#### [EXERCISE INSTRUCTIONS]
Restate exactly the lines of the entries below, beginning with the first and ending with the line that holds "Or you can restart". Pictures are not copied.

#### [MATERIAL PROVIDED]

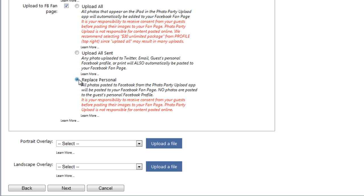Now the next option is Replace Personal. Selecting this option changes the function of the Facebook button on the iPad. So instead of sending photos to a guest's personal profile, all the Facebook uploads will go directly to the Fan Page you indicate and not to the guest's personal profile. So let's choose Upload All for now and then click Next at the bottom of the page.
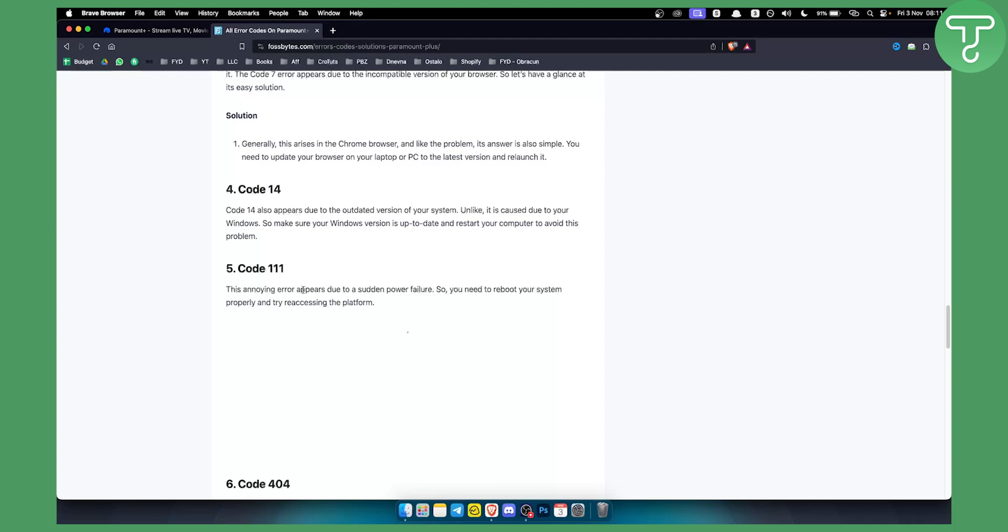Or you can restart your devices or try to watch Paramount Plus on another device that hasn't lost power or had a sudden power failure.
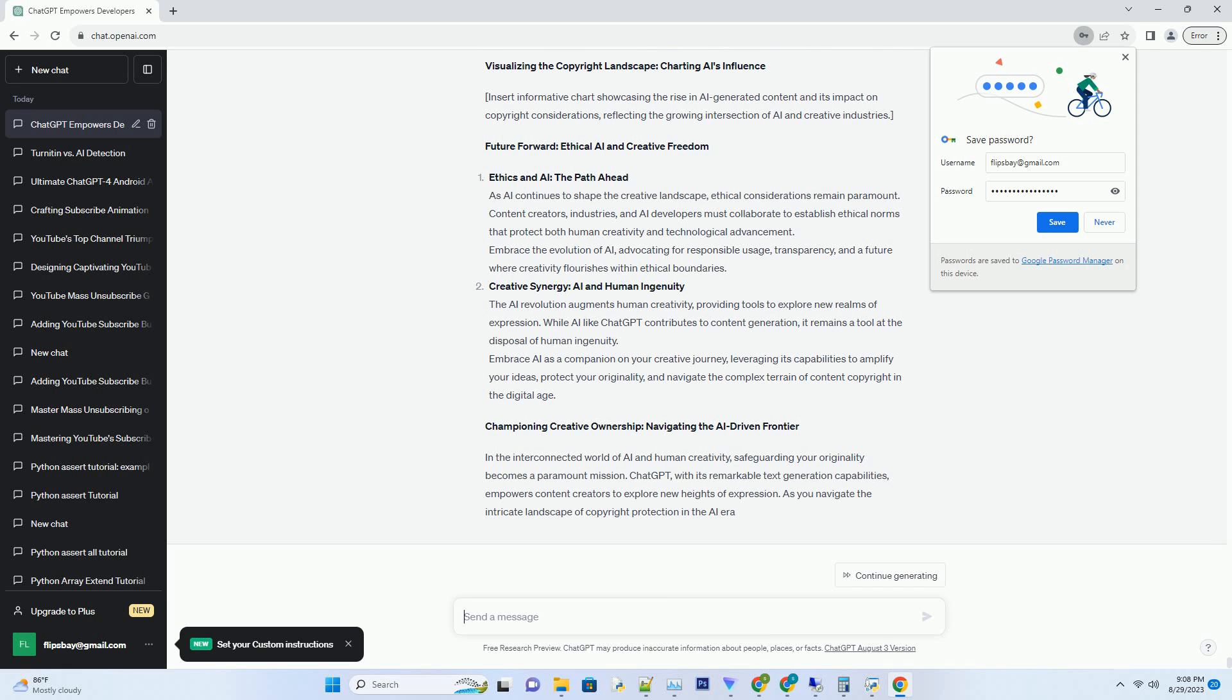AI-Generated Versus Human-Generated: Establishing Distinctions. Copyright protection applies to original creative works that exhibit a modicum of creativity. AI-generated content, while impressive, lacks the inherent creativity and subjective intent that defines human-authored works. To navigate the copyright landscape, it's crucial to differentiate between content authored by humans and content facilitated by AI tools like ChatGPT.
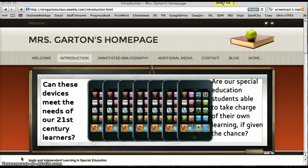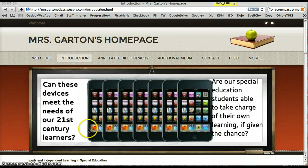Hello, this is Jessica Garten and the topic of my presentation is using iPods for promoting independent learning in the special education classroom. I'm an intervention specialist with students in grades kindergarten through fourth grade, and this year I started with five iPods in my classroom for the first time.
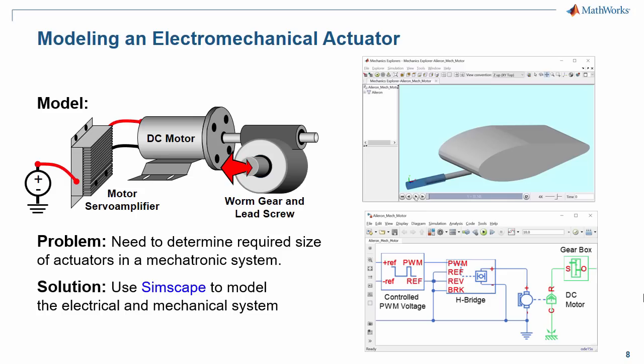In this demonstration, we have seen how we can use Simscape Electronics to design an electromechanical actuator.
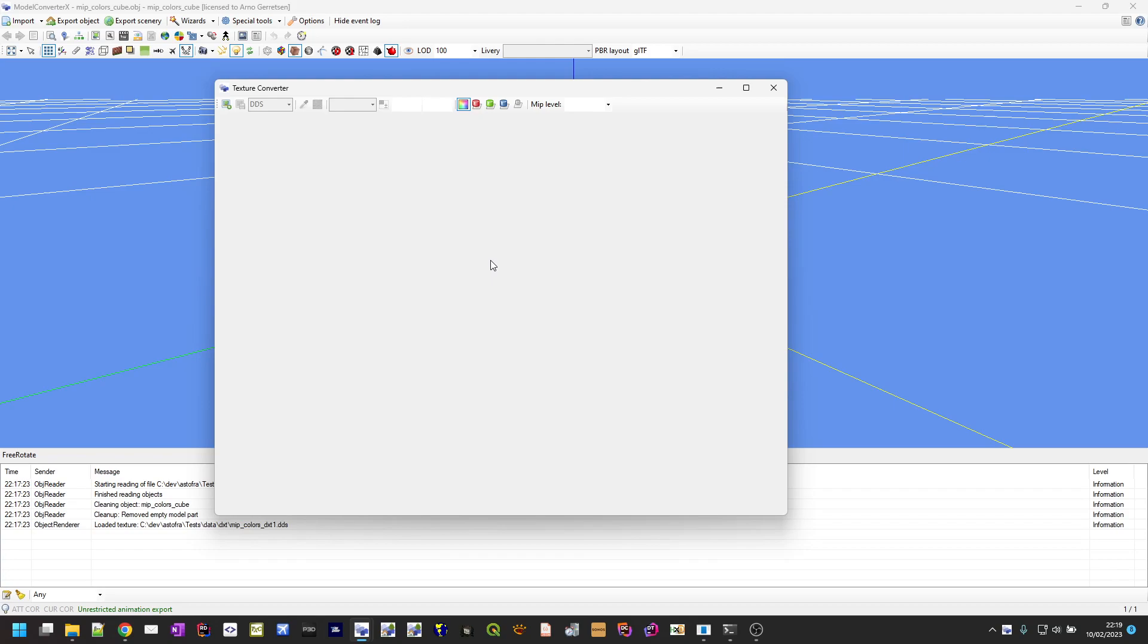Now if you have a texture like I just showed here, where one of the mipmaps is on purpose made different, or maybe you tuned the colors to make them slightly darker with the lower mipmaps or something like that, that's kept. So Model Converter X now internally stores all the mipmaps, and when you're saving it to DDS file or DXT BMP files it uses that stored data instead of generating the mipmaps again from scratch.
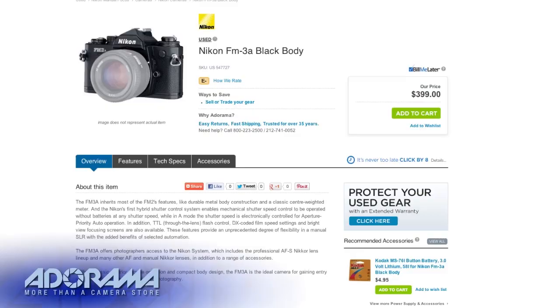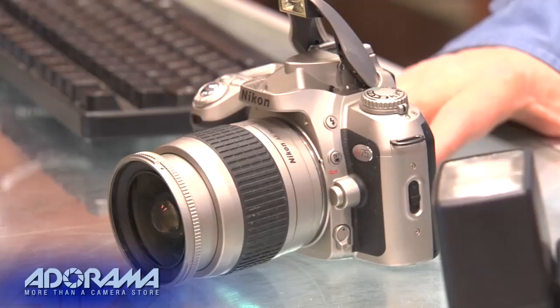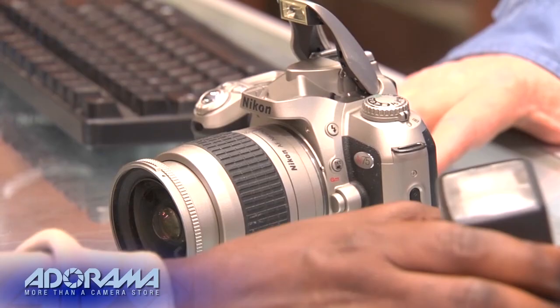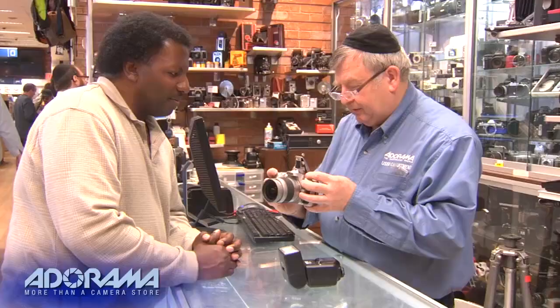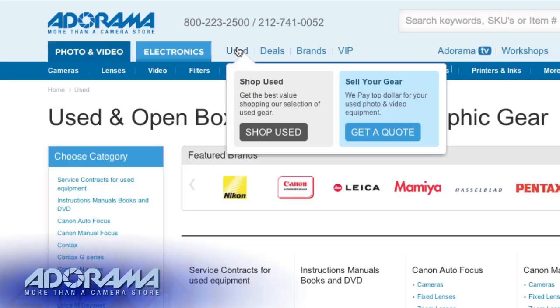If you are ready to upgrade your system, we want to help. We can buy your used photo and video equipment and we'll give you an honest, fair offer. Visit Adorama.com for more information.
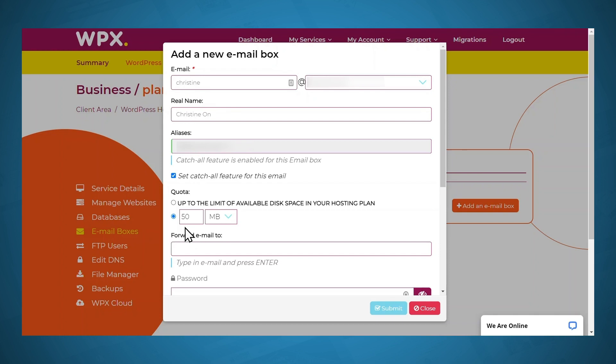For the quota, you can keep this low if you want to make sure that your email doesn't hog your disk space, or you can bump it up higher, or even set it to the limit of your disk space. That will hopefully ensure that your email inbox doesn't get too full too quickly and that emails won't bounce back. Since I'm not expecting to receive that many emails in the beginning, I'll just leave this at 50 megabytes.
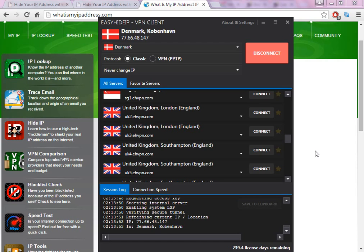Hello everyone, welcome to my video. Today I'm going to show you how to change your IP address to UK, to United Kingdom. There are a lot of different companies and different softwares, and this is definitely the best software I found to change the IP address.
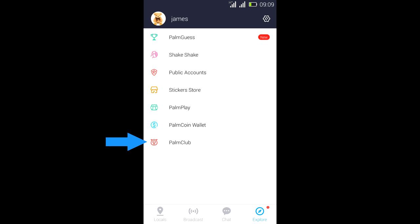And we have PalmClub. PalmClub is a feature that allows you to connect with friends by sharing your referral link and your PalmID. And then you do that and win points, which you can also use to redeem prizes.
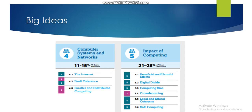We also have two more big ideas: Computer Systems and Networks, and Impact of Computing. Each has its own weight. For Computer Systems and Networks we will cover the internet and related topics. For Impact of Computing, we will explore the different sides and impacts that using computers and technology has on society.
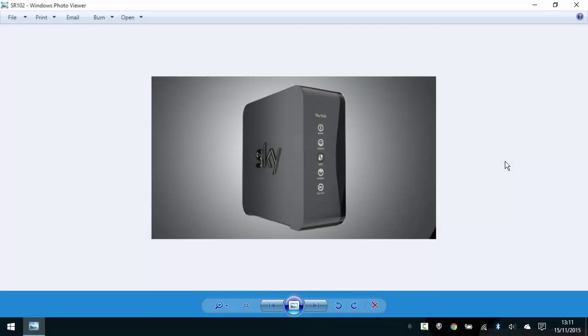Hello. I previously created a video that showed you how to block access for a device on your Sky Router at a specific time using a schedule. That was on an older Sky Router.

#### [WRITTEN SOLUTION]
Now the next option is Replace Personal. Selecting this option changes the function of the Facebook button on the iPad. So instead of sending photos to a guest's personal profile, all the Facebook uploads will go directly to the Fan Page you indicate and not to the guest's personal profile. So let's choose Upload All for now and then click Next at the bottom of the page.
Or you can restart your devices or try to watch Paramount Plus on another device that hasn't lost power or had a sudden power failure.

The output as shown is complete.